(Data):

════════

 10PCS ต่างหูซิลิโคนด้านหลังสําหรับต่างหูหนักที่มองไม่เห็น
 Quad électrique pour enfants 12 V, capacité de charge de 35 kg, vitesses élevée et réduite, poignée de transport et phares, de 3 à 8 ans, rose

════════

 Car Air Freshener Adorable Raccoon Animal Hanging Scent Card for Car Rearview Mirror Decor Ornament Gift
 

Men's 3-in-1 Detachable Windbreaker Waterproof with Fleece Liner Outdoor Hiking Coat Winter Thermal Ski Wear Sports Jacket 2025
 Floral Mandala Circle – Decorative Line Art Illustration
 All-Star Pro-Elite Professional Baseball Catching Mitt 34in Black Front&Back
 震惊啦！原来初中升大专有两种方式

════════

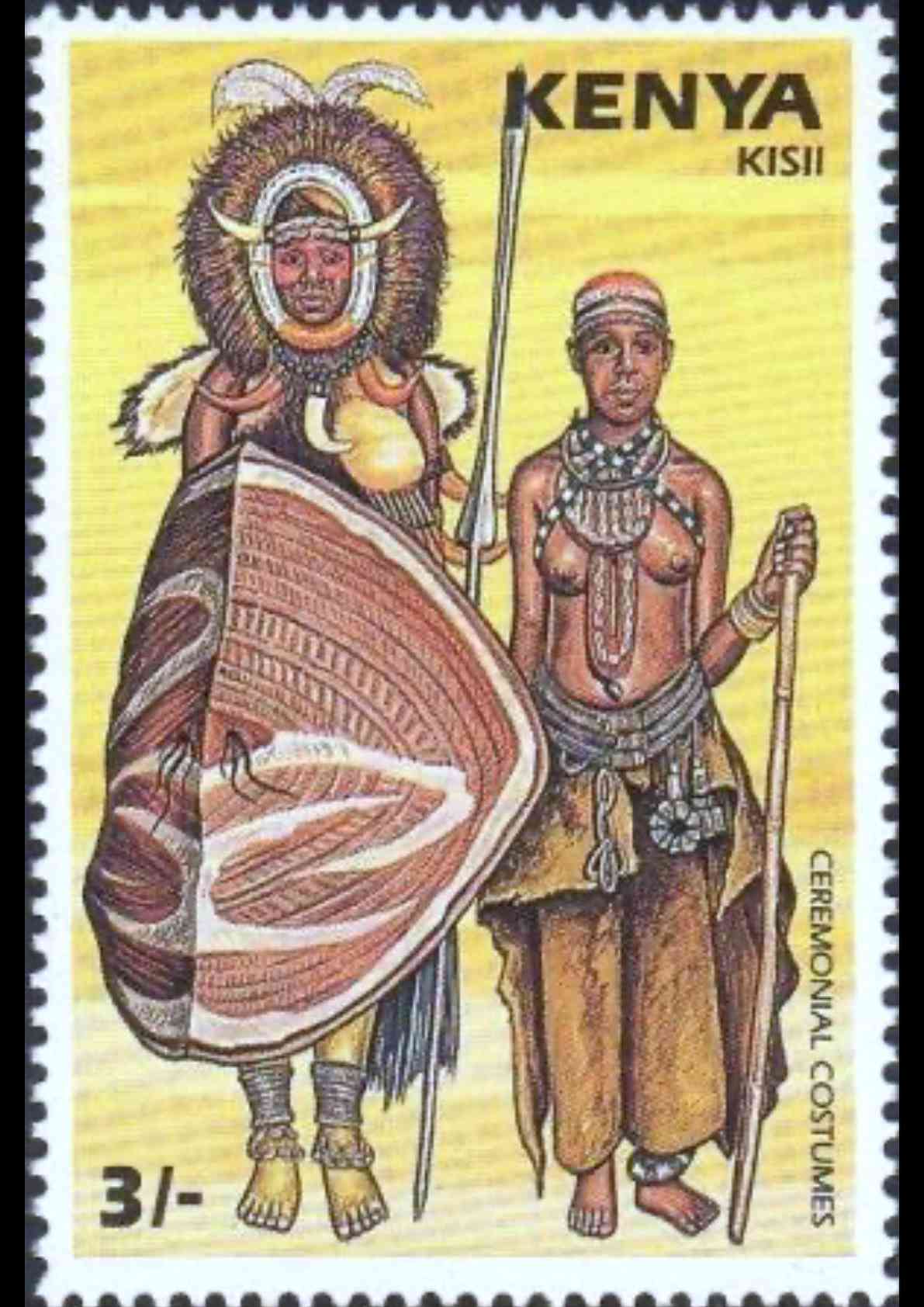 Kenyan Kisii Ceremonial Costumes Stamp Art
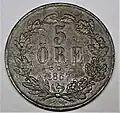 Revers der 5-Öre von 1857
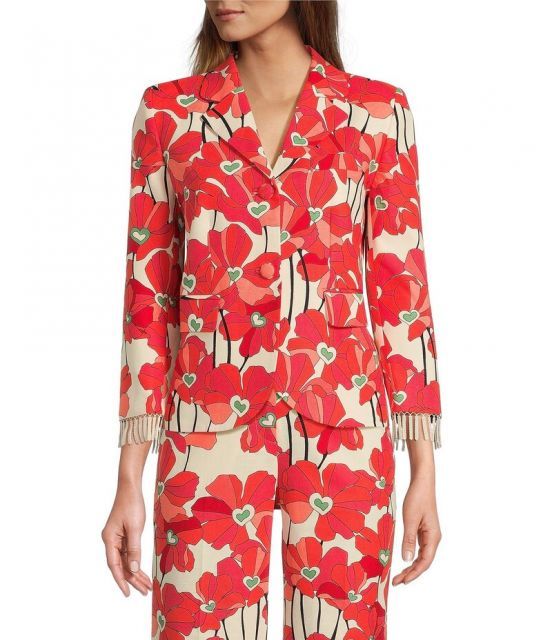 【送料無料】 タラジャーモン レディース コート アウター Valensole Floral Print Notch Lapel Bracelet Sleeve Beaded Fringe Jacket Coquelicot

════════

(The problem):
Produce only the lines from the line containing "10PCS ต่างหูซิ" through the line containing "Quad électrique pour", inclusive of both, exactly as they stand in the entries above.

(Your solution):
 10PCS ต่างหูซิลิโคนด้านหลังสําหรับต่างหูหนักที่มองไม่เห็น
 Quad électrique pour enfants 12 V, capacité de charge de 35 kg, vitesses élevée et réduite, poignée de transport et phares, de 3 à 8 ans, rose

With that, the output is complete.